- Task instructions: Set the records down again, exactly, without their images.

- Entries supplied:

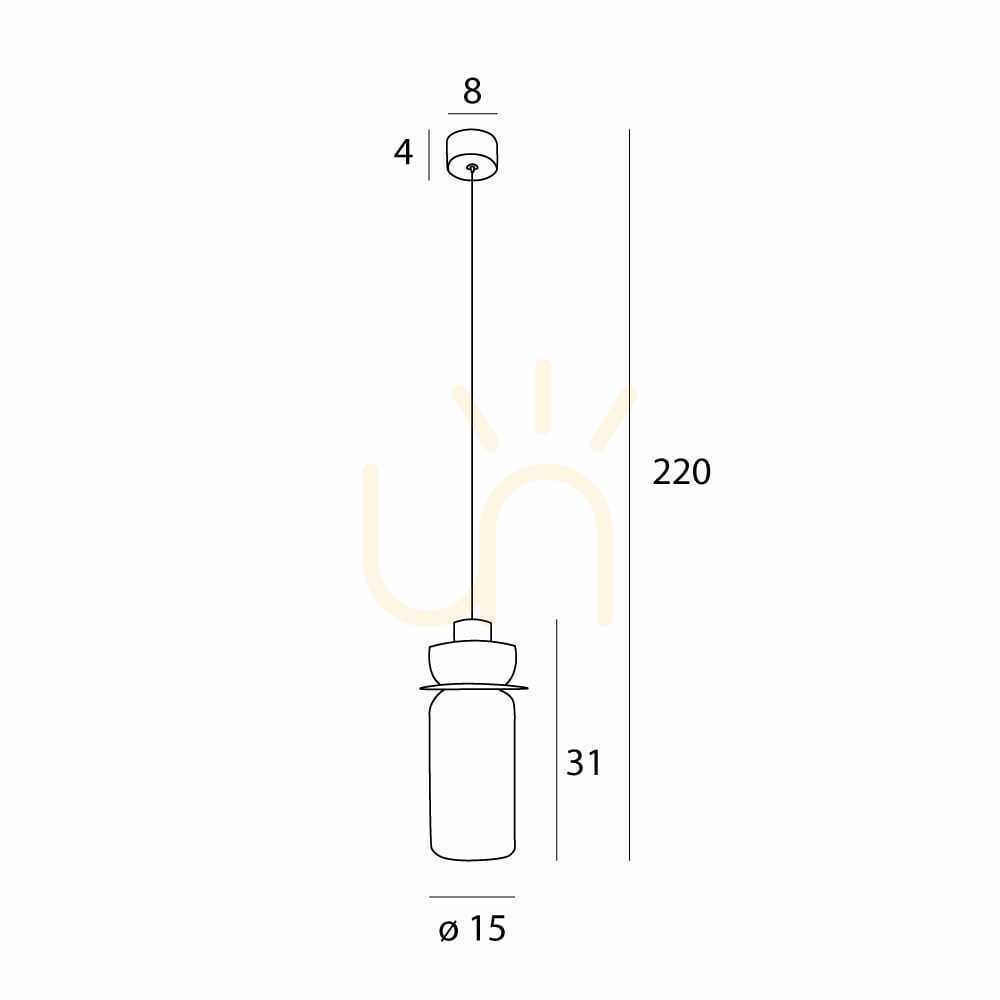 Anzeige Pendelleuchte Max Light Signature P0602 Messing 3000K LED Pendelleuchte Max Light Signature P0602 Messing 3000K LED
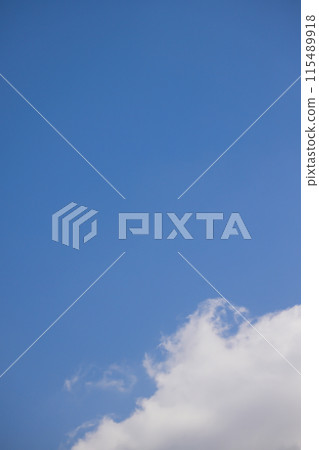 藍天白雲(背景素材) 藍天白雲(背景素材) 115489918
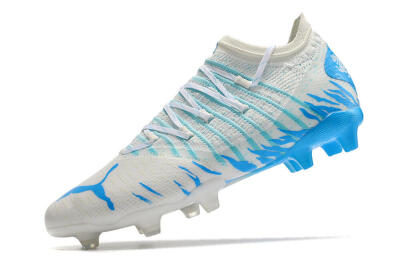 Puma Future Z 1.3 FG Low-Tops Football Boots - White/Blue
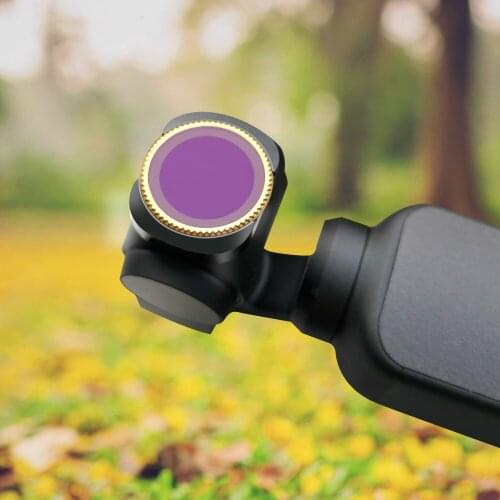 Adjustable Lens Filter MCUV CPL NDPL ND64-PL ND32-PL ND4 ND8for DJI OSMO POCKET Gimbal Camera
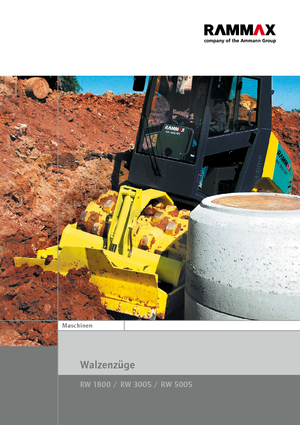 Rouleaux monocylindres Ammann ASC 50 HDPD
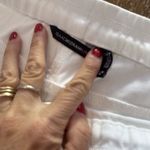 Isaac Mizrahi  White‎ Denim Raw Hem Pants Size 20W Tall Photo 3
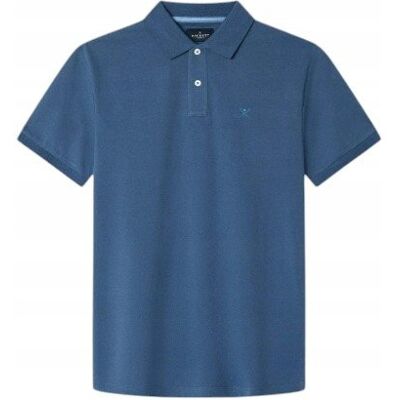 Hackett London Koszulka polo męska HACKETT ROZMIAR: XXXL, niebieska Hackett London Koszulka polo męska HACKETT ROZMIAR: XXXL, niebieska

- Solution to the problem:
 Anzeige Pendelleuchte Max Light Signature P0602 Messing 3000K LED Pendelleuchte Max Light Signature P0602 Messing 3000K LED
 藍天白雲(背景素材) 藍天白雲(背景素材) 115489918
 Puma Future Z 1.3 FG Low-Tops Football Boots - White/Blue
 Adjustable Lens Filter MCUV CPL NDPL ND64-PL ND32-PL ND4 ND8for DJI OSMO POCKET Gimbal Camera
 Rouleaux monocylindres Ammann ASC 50 HDPD
 Isaac Mizrahi  White‎ Denim Raw Hem Pants Size 20W Tall Photo 3
 Hackett London Koszulka polo męska HACKETT ROZMIAR: XXXL, niebieska Hackett London Koszulka polo męska HACKETT ROZMIAR: XXXL, niebieska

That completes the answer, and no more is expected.